## [INPUT MATERIAL]
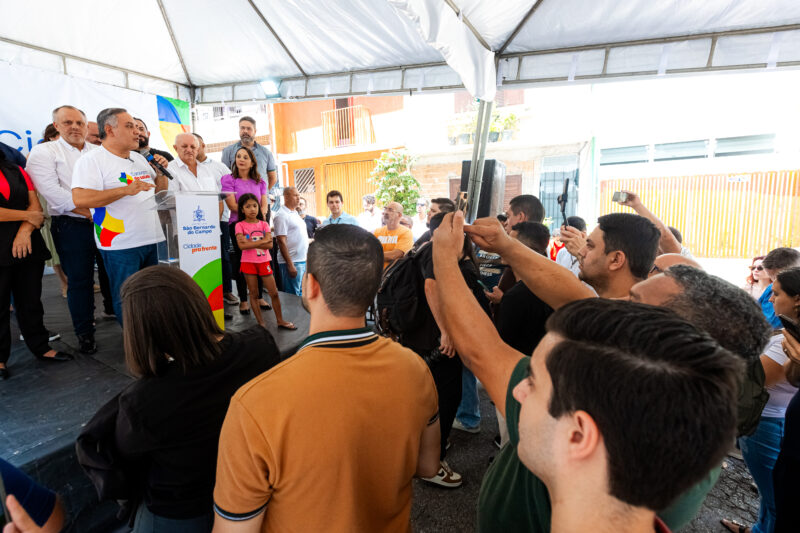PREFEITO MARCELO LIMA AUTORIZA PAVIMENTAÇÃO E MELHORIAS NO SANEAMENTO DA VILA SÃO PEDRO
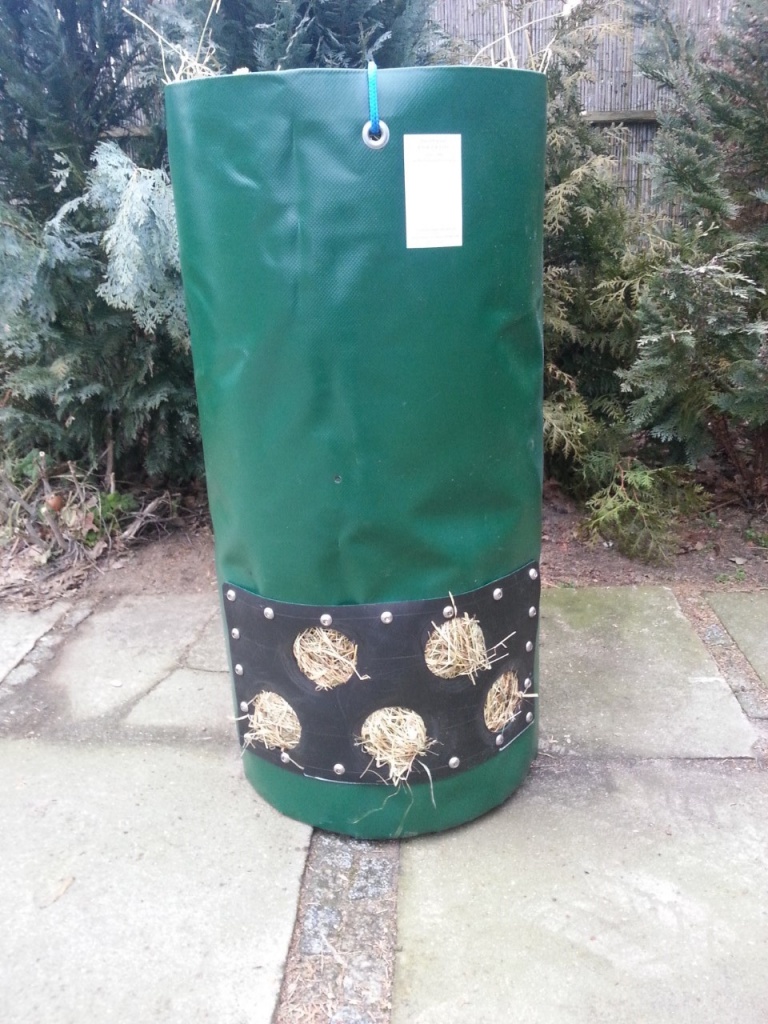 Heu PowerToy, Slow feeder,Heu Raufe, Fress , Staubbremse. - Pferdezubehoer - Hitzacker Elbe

==

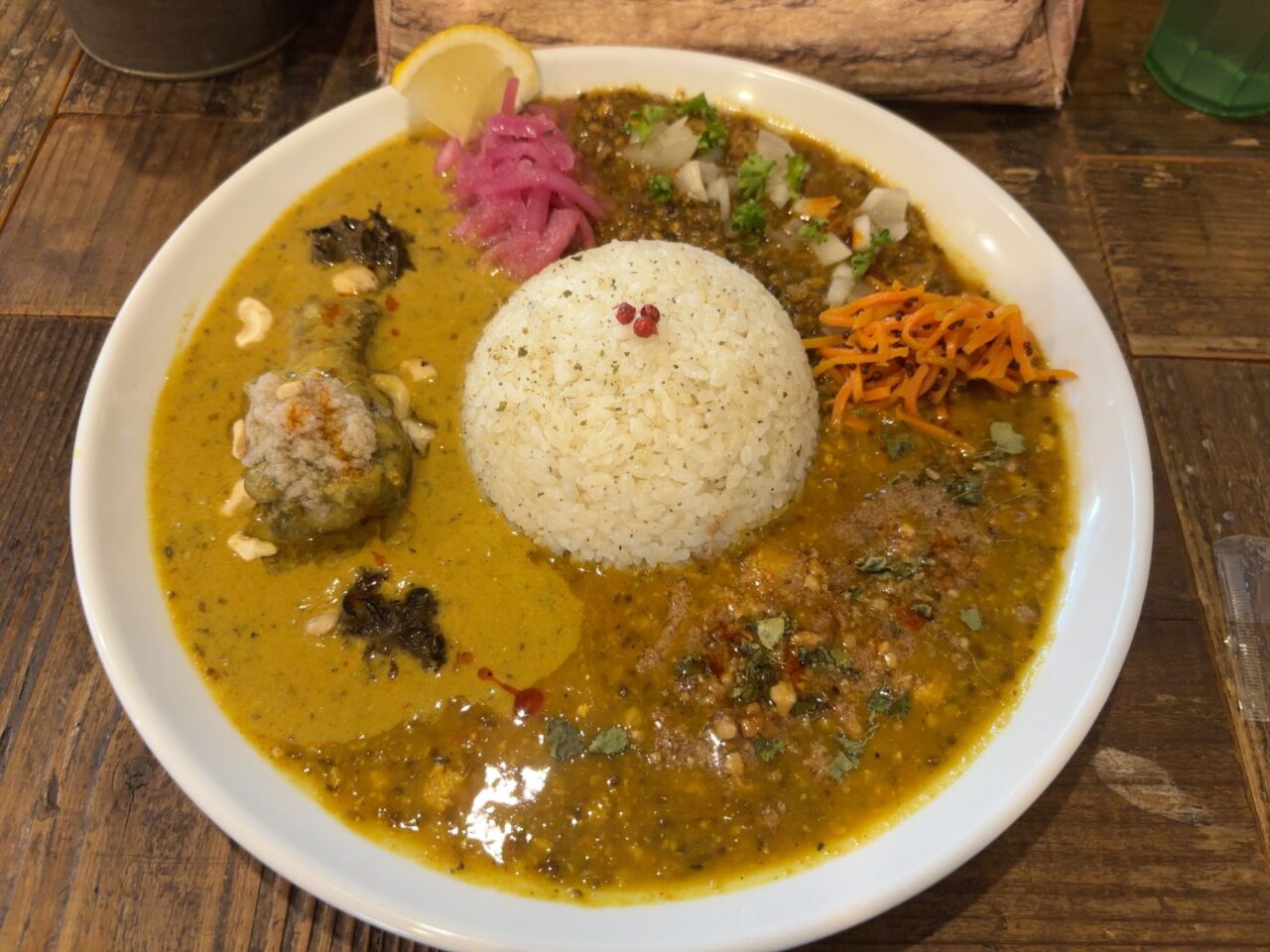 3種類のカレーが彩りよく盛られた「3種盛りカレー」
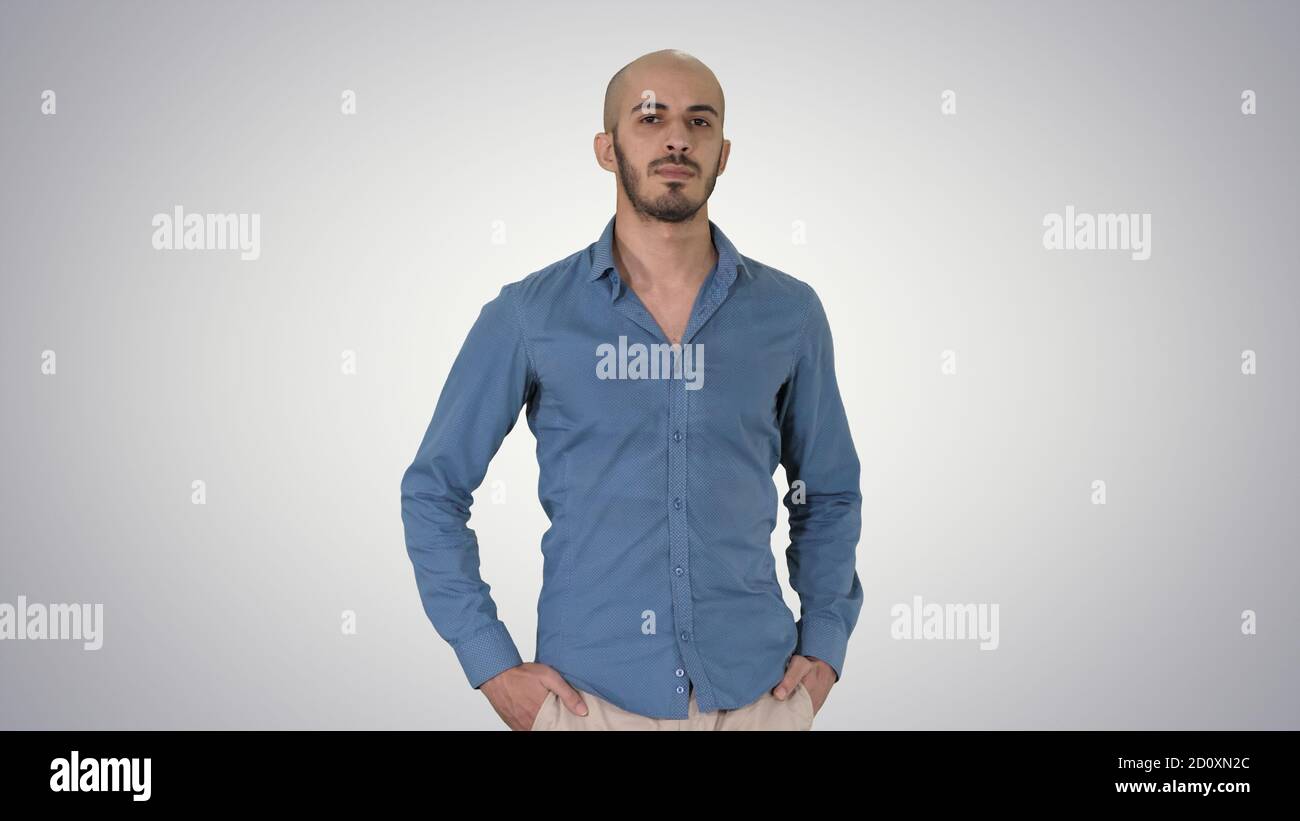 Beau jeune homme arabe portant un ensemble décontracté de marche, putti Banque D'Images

## [EXERCISE DESCRIPTION]
Range to print from the listing above: from the line with "3種類のカレーが彩りよく盛られた「3種盛りカレー」" up to and including the line with "Beau jeune homme". Please print those lines exactly, with no pictures and nothing more.

## [FINAL ANSWER]
 3種類のカレーが彩りよく盛られた「3種盛りカレー」
 Beau jeune homme arabe portant un ensemble décontracté de marche, putti Banque D'Images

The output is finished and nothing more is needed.